We have not studied the power of different robust association procedures in this paper. In fact there are already numerous studies that investigated the power of various procedures such as MAX3, CLRT, MIN2 and the trend test alone (Freidlin et al. 2002; Gonzalez et al. 2008; Joo et al. 2009, 2010). Overall, the trend test performs the best when the true model is additive, but the gain in power is small compared to other robust tests (MAX3, CLRT, MIN2). Under the dominant model, all tests have comparable power. However, when the underlying model is recessive, the robust tests are more powerful than the trend test which assumes additivity. Freidlin et al. (2002) showed that employing the additive test results in substantial power loss if the true disease model is recessive, especially for alleles with low frequency (say <0.1). For instance, according to Freidlin et al. (2002), for a study with 500 cases and 500 controls and a risk allele frequency of 0.1, the power estimates of the additive, recessive and MAX3 test are 35.7, 79.4 and 71.4% respectively. If the risk allele frequency is 0.3, the power estimates of the three tests are 54, 79.5 and 72% respectively. These results suggest that recessive effects may be missed if additive models are used. The robust test MAX3 protects against model misspecification and substantially improves the power particularly for lower-frequency variants.
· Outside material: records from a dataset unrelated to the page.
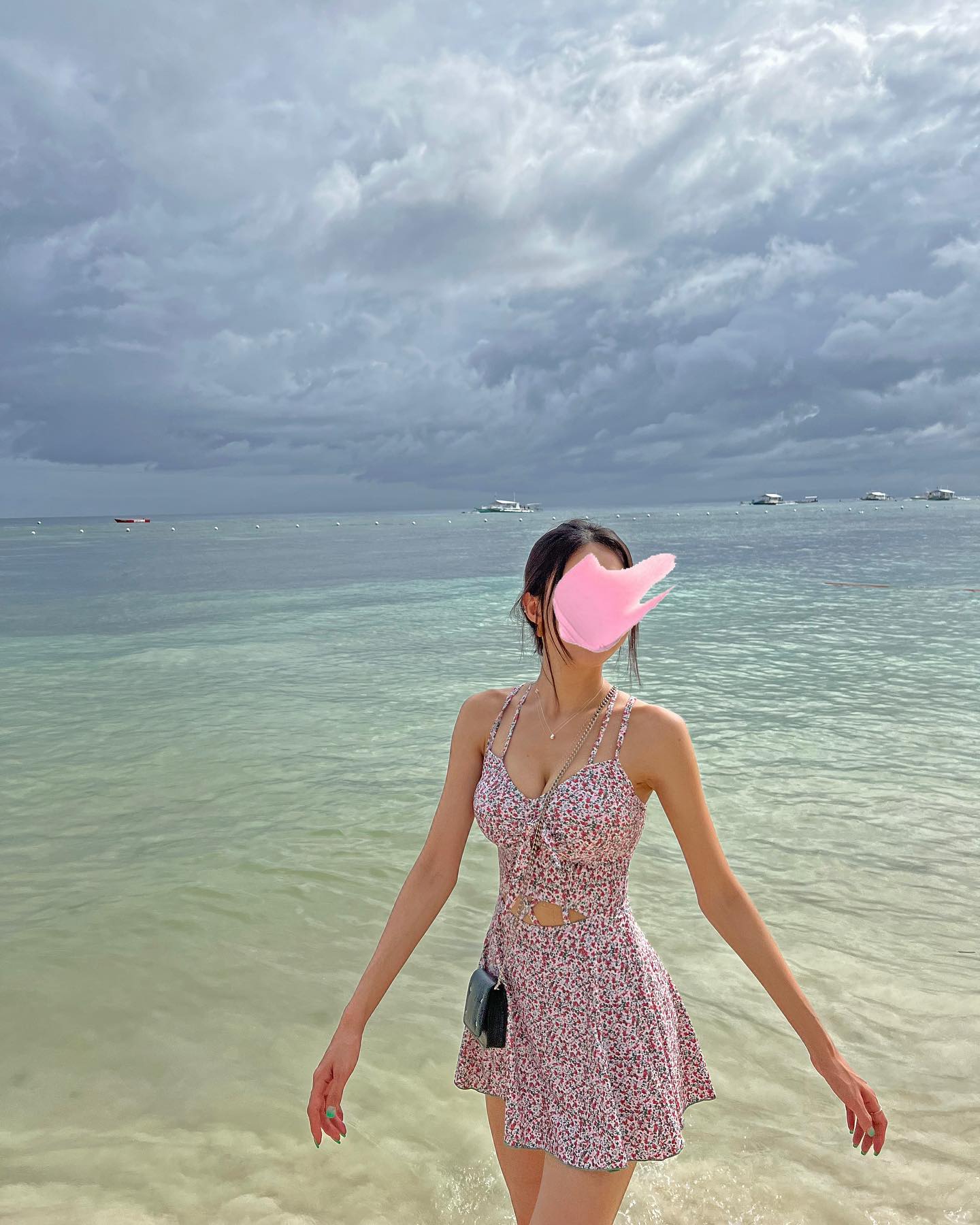 모노빈제이 - 💕로슈아원피스수영복 비치원피스로도 수영복으로도 완벽해요😌 #모노빈제이 #monobinj...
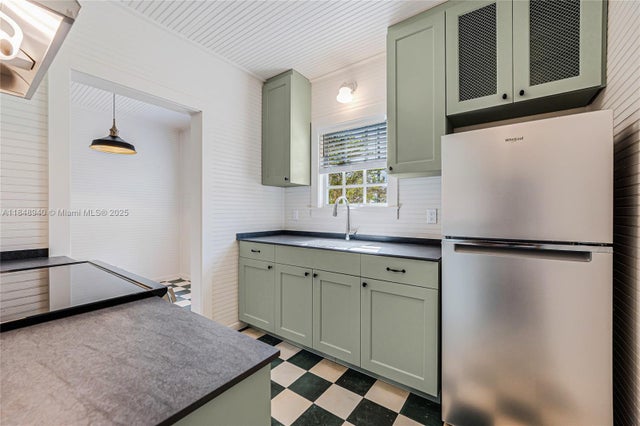 2 of 18 - 3826 Oak Ave 3826, Coconut Grove, FL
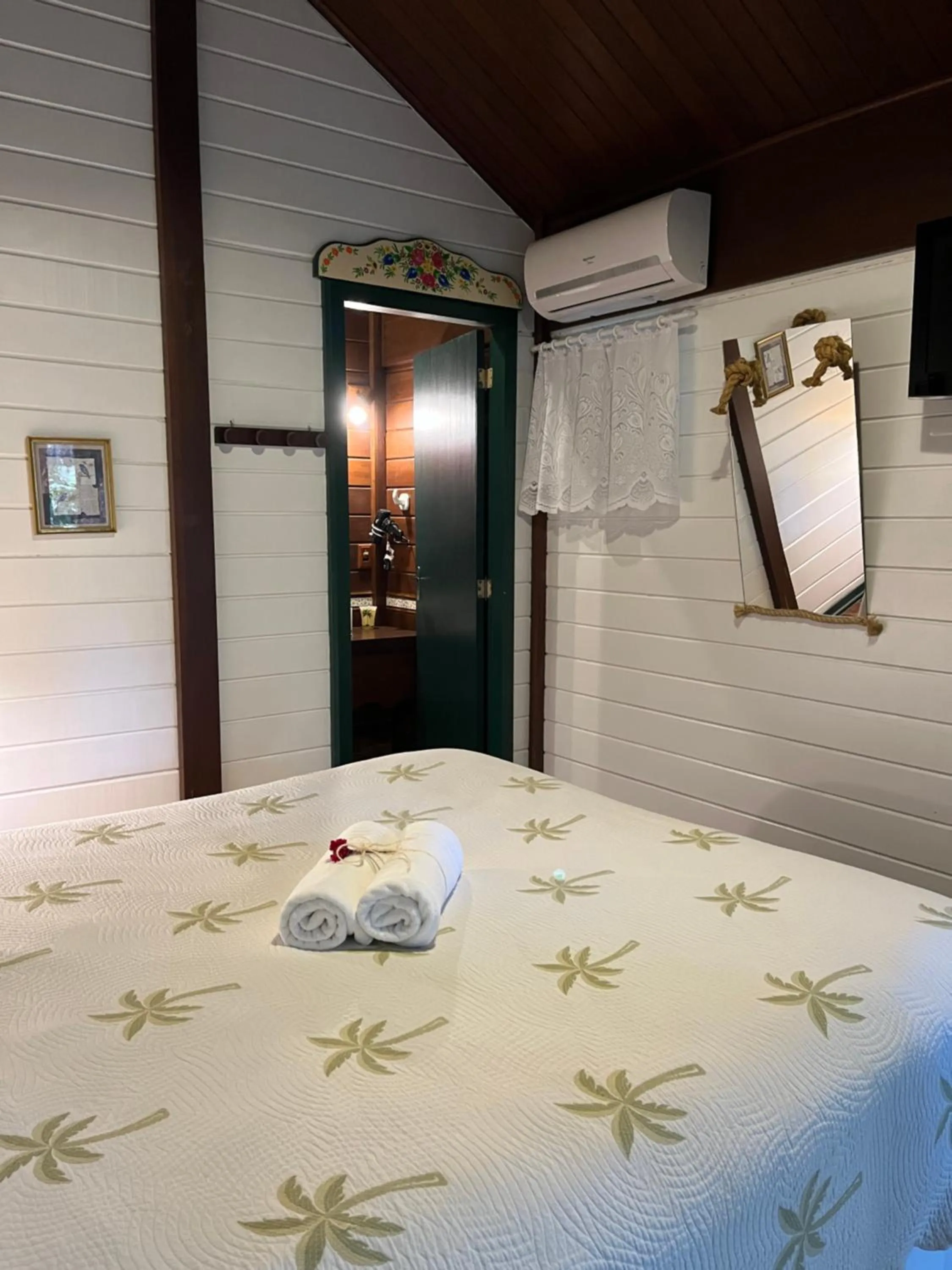 Bed in Urikana Boutique Hotel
The three types of robust procedures MAX3, CLRT and MIN2 have similar power in general. While previous simulations were conducted without consideration of covariates, we expect that the performance of the various tests will be similar even when covariates are included. Note that for MIN2, there are yet no analytic methods for calculating the correct p-value for models with covariates, therefore resampling procedures are needed if its performance is to be investigated. Extensive simulations to test the performance of different methods in the presence of covariates may be warranted and will be a topic for further investigation.
We have focused on population-based studies in this paper. Extension to family-based studies might be of interest. The MAX3 test has been extended to TDT (Joo et al. 2010; Zheng et al. 2002), but a methodology to deal with covariates and more complex family structure has yet to be developed. Our proposed approach can potentially be applied to family-based studies if the efficient score statistics can be specified under the three inheritance models.
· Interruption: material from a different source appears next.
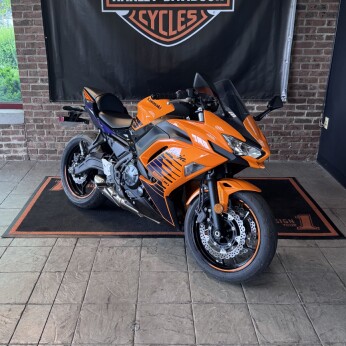 2025 Kawasaki NINJA® 650 Candy Steel Furnace Orange/Metallic Spark Black/Metallic Royal Purple thumb 3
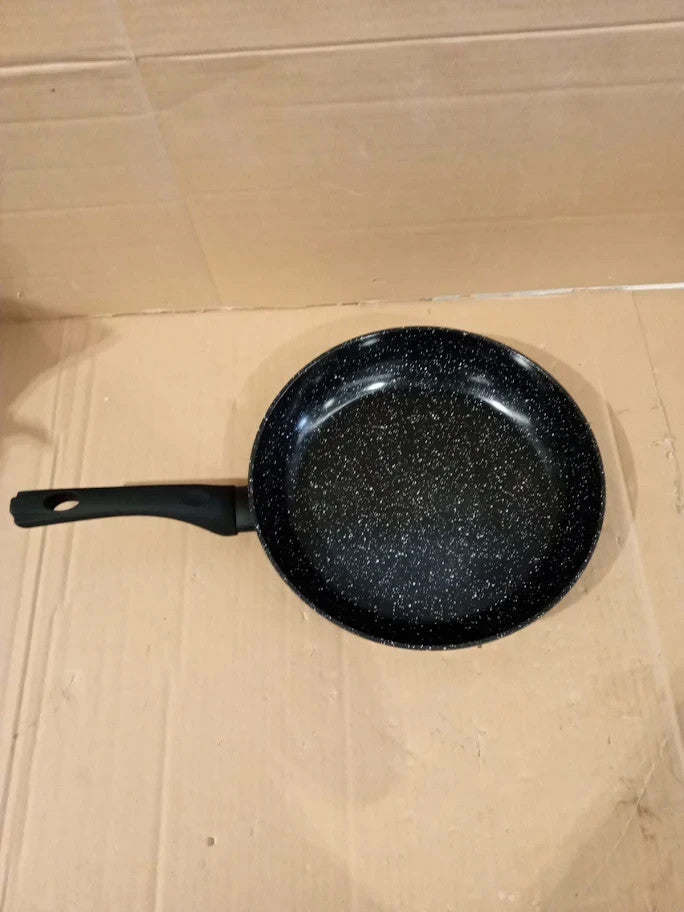 Blackmoor 67080 Classic 28cm Frying Pan Non Stick Coating Cool Touch Handle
Two-stage designs are also very common for GWAS and how to take into account of uncertain genetic model in this setting is another interesting topic. In a two-stage design, a set of the most significant SNPs are chosen from the 1st stage and replication was performed at the 2nd stage. Kwak et al. (2009) proposed a robust procedure performing GMS in this scenario, however quantitative traits and covariates have not been considered. Further work is required to extend Kwak et al’s procedure to deal with more diverse models.
Another question is how to combine the results across different studies in meta-analyses. Typically the inputs for meta-analysis are summary test statistics rather than the raw data. For a study that includes covariates, one cannot perform the MAX3 test based on summary statistics alone. However, if robust tests have been performed for each individual study, then one may directly combine the p-values, for example by the Fisher’s method.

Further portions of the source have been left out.